Richard Bock, M.D. (richard@immersionadvisors.com), is a vascular surgeon and founder of Immersion Advisors in Asheville, N.C. With one foot in the boardroom and one in the operating room, Bock divides his time between practicing vascular surgery and helping CEOs and board chairs create immersion programs.


Addressing immersion concerns

There are a number of concerns commonly raised about health care system board immersion. Here are some of them and some responses:

Finding the time: In three years, we’ve never had a board member be too busy to schedule an Immersion Day. Even lawmakers make room for full days with us. They realize it’s a once-in-a-lifetime opportunity to go so deeply behind the scenes.
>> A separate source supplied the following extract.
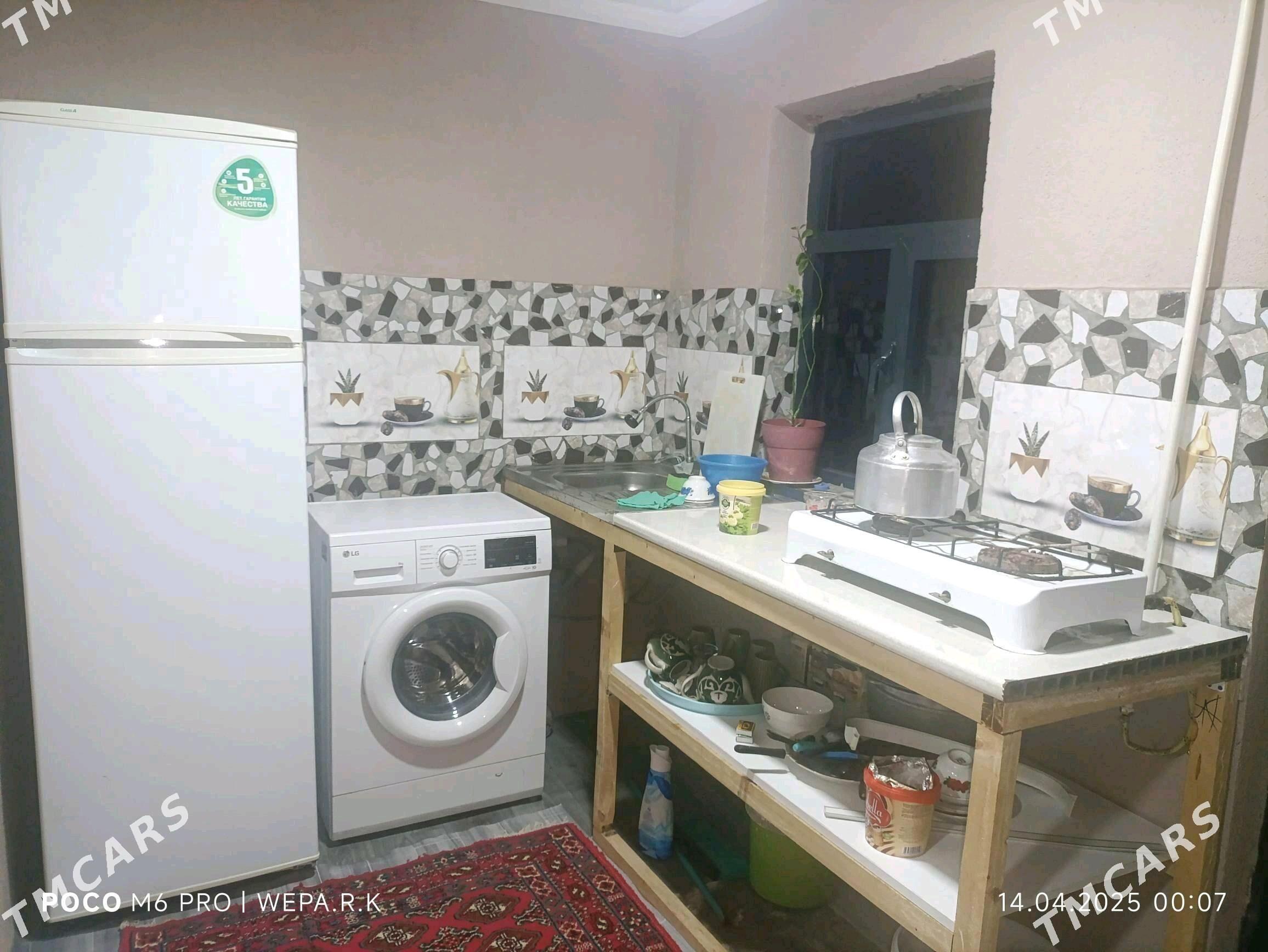 Arenda jay - Mary - img 2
Seeing something bad: Our board already hears about the really bad stuff. Board meetings can make a trustee forget about all the good that’s delivered in our hospitals every day, and if something bad happens, our board members invariably take it in stride.

Talking with "problem doctors”: Every hospital has a few, and we worried about this, too. But those physicians are already known to management and the board. And over dozens of immersions, we haven’t had a single problem with inappropriate “grandstanding.”

Wanting to dabble in operations: We have consistently observed the opposite. When our board members see how health care is really delivered, they appreciate its complexity more than they ever could through spreadsheets and PowerPoints. They report far less desire to become involved in operations after their immersion experiences.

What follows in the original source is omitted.